» Brief: Would you retype all of these records exactly?

*** Opening Material to process ***

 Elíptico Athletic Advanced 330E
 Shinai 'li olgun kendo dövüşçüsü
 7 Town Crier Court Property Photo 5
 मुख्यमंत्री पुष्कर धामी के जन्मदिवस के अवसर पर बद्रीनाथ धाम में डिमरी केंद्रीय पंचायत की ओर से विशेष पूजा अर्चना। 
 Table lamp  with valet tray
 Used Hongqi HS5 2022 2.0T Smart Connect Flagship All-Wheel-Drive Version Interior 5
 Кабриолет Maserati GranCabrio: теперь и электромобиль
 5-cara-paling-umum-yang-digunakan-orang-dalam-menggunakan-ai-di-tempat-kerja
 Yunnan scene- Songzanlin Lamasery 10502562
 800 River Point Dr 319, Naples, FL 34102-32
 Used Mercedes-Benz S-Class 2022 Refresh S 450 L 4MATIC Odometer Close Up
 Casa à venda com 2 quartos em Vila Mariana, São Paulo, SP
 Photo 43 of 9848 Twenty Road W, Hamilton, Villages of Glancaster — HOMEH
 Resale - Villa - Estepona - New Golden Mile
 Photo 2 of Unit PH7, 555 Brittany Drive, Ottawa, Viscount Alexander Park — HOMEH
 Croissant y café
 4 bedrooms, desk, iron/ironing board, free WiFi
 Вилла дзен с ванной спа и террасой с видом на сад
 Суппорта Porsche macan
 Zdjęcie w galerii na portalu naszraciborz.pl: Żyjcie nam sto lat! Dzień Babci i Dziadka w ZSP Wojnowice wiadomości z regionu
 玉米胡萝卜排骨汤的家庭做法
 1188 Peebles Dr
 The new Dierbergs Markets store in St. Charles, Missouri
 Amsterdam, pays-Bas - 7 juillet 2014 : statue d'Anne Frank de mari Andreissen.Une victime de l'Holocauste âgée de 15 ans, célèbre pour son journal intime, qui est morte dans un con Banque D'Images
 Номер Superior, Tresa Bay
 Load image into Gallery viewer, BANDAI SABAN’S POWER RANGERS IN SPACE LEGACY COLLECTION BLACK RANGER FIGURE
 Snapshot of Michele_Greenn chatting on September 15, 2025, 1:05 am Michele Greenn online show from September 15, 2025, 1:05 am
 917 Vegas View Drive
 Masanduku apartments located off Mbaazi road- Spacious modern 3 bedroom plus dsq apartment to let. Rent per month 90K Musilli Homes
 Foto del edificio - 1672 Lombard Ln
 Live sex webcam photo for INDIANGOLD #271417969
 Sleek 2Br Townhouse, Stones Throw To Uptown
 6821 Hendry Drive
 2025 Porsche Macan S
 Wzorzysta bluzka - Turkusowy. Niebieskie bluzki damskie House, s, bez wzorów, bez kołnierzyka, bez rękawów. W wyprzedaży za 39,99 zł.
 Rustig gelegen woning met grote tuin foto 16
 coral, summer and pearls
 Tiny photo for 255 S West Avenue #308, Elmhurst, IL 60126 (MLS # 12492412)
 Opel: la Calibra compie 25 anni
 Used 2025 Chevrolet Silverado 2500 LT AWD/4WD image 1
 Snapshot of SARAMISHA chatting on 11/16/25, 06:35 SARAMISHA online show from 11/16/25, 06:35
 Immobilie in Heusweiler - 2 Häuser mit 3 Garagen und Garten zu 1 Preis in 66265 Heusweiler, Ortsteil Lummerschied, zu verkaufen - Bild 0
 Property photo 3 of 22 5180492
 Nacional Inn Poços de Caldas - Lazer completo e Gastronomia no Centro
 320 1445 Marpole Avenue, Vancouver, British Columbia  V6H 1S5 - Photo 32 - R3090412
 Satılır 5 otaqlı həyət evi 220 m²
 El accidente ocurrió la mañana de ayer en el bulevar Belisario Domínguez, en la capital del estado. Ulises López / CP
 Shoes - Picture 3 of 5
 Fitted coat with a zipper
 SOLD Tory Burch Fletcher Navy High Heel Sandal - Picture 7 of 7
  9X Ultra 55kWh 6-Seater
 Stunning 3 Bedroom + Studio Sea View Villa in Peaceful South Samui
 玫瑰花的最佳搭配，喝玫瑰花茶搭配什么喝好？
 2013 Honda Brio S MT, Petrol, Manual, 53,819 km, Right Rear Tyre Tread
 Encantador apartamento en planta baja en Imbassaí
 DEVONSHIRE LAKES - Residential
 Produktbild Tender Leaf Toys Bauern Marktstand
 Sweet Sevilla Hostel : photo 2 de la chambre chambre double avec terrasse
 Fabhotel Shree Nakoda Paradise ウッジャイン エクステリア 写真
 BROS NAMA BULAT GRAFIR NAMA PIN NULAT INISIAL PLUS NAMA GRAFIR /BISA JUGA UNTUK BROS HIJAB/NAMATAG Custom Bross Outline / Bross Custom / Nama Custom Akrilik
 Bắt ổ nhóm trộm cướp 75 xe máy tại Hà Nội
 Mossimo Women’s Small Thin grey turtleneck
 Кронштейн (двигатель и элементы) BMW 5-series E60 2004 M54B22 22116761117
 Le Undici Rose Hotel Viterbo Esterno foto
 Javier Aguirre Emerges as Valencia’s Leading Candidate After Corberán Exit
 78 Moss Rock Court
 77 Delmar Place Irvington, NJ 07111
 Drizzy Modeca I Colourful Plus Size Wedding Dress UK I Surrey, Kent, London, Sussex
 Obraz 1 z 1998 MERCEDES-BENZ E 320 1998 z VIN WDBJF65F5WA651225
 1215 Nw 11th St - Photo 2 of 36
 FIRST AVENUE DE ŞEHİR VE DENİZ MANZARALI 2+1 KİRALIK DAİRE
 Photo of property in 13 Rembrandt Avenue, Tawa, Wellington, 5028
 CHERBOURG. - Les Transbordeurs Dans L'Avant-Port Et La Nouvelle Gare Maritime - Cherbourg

*** Closing Material to process ***

» Result of the exercise:
 Elíptico Athletic Advanced 330E
 Shinai 'li olgun kendo dövüşçüsü
 7 Town Crier Court Property Photo 5
 मुख्यमंत्री पुष्कर धामी के जन्मदिवस के अवसर पर बद्रीनाथ धाम में डिमरी केंद्रीय पंचायत की ओर से विशेष पूजा अर्चना। 
 Table lamp  with valet tray
 Used Hongqi HS5 2022 2.0T Smart Connect Flagship All-Wheel-Drive Version Interior 5
 Кабриолет Maserati GranCabrio: теперь и электромобиль
 5-cara-paling-umum-yang-digunakan-orang-dalam-menggunakan-ai-di-tempat-kerja
 Yunnan scene- Songzanlin Lamasery 10502562
 800 River Point Dr 319, Naples, FL 34102-32
 Used Mercedes-Benz S-Class 2022 Refresh S 450 L 4MATIC Odometer Close Up
 Casa à venda com 2 quartos em Vila Mariana, São Paulo, SP
 Photo 43 of 9848 Twenty Road W, Hamilton, Villages of Glancaster — HOMEH
 Resale - Villa - Estepona - New Golden Mile
 Photo 2 of Unit PH7, 555 Brittany Drive, Ottawa, Viscount Alexander Park — HOMEH
 Croissant y café
 4 bedrooms, desk, iron/ironing board, free WiFi
 Вилла дзен с ванной спа и террасой с видом на сад
 Суппорта Porsche macan
 Zdjęcie w galerii na portalu naszraciborz.pl: Żyjcie nam sto lat! Dzień Babci i Dziadka w ZSP Wojnowice wiadomości z regionu
 玉米胡萝卜排骨汤的家庭做法
 1188 Peebles Dr
 The new Dierbergs Markets store in St. Charles, Missouri
 Amsterdam, pays-Bas - 7 juillet 2014 : statue d'Anne Frank de mari Andreissen.Une victime de l'Holocauste âgée de 15 ans, célèbre pour son journal intime, qui est morte dans un con Banque D'Images
 Номер Superior, Tresa Bay
 Load image into Gallery viewer, BANDAI SABAN’S POWER RANGERS IN SPACE LEGACY COLLECTION BLACK RANGER FIGURE
 Snapshot of Michele_Greenn chatting on September 15, 2025, 1:05 am Michele Greenn online show from September 15, 2025, 1:05 am
 917 Vegas View Drive
 Masanduku apartments located off Mbaazi road- Spacious modern 3 bedroom plus dsq apartment to let. Rent per month 90K Musilli Homes
 Foto del edificio - 1672 Lombard Ln
 Live sex webcam photo for INDIANGOLD #271417969
 Sleek 2Br Townhouse, Stones Throw To Uptown
 6821 Hendry Drive
 2025 Porsche Macan S
 Wzorzysta bluzka - Turkusowy. Niebieskie bluzki damskie House, s, bez wzorów, bez kołnierzyka, bez rękawów. W wyprzedaży za 39,99 zł.
 Rustig gelegen woning met grote tuin foto 16
 coral, summer and pearls
 Tiny photo for 255 S West Avenue #308, Elmhurst, IL 60126 (MLS # 12492412)
 Opel: la Calibra compie 25 anni
 Used 2025 Chevrolet Silverado 2500 LT AWD/4WD image 1
 Snapshot of SARAMISHA chatting on 11/16/25, 06:35 SARAMISHA online show from 11/16/25, 06:35
 Immobilie in Heusweiler - 2 Häuser mit 3 Garagen und Garten zu 1 Preis in 66265 Heusweiler, Ortsteil Lummerschied, zu verkaufen - Bild 0
 Property photo 3 of 22 5180492
 Nacional Inn Poços de Caldas - Lazer completo e Gastronomia no Centro
 320 1445 Marpole Avenue, Vancouver, British Columbia  V6H 1S5 - Photo 32 - R3090412
 Satılır 5 otaqlı həyət evi 220 m²
 El accidente ocurrió la mañana de ayer en el bulevar Belisario Domínguez, en la capital del estado. Ulises López / CP
 Shoes - Picture 3 of 5
 Fitted coat with a zipper
 SOLD Tory Burch Fletcher Navy High Heel Sandal - Picture 7 of 7
  9X Ultra 55kWh 6-Seater
 Stunning 3 Bedroom + Studio Sea View Villa in Peaceful South Samui
 玫瑰花的最佳搭配，喝玫瑰花茶搭配什么喝好？
 2013 Honda Brio S MT, Petrol, Manual, 53,819 km, Right Rear Tyre Tread
 Encantador apartamento en planta baja en Imbassaí
 DEVONSHIRE LAKES - Residential
 Produktbild Tender Leaf Toys Bauern Marktstand
 Sweet Sevilla Hostel : photo 2 de la chambre chambre double avec terrasse
 Fabhotel Shree Nakoda Paradise ウッジャイン エクステリア 写真
 BROS NAMA BULAT GRAFIR NAMA PIN NULAT INISIAL PLUS NAMA GRAFIR /BISA JUGA UNTUK BROS HIJAB/NAMATAG Custom Bross Outline / Bross Custom / Nama Custom Akrilik
 Bắt ổ nhóm trộm cướp 75 xe máy tại Hà Nội
 Mossimo Women’s Small Thin grey turtleneck
 Кронштейн (двигатель и элементы) BMW 5-series E60 2004 M54B22 22116761117
 Le Undici Rose Hotel Viterbo Esterno foto
 Javier Aguirre Emerges as Valencia’s Leading Candidate After Corberán Exit
 78 Moss Rock Court
 77 Delmar Place Irvington, NJ 07111
 Drizzy Modeca I Colourful Plus Size Wedding Dress UK I Surrey, Kent, London, Sussex
 Obraz 1 z 1998 MERCEDES-BENZ E 320 1998 z VIN WDBJF65F5WA651225
 1215 Nw 11th St - Photo 2 of 36
 FIRST AVENUE DE ŞEHİR VE DENİZ MANZARALI 2+1 KİRALIK DAİRE
 Photo of property in 13 Rembrandt Avenue, Tawa, Wellington, 5028
 CHERBOURG. - Les Transbordeurs Dans L'Avant-Port Et La Nouvelle Gare Maritime - Cherbourg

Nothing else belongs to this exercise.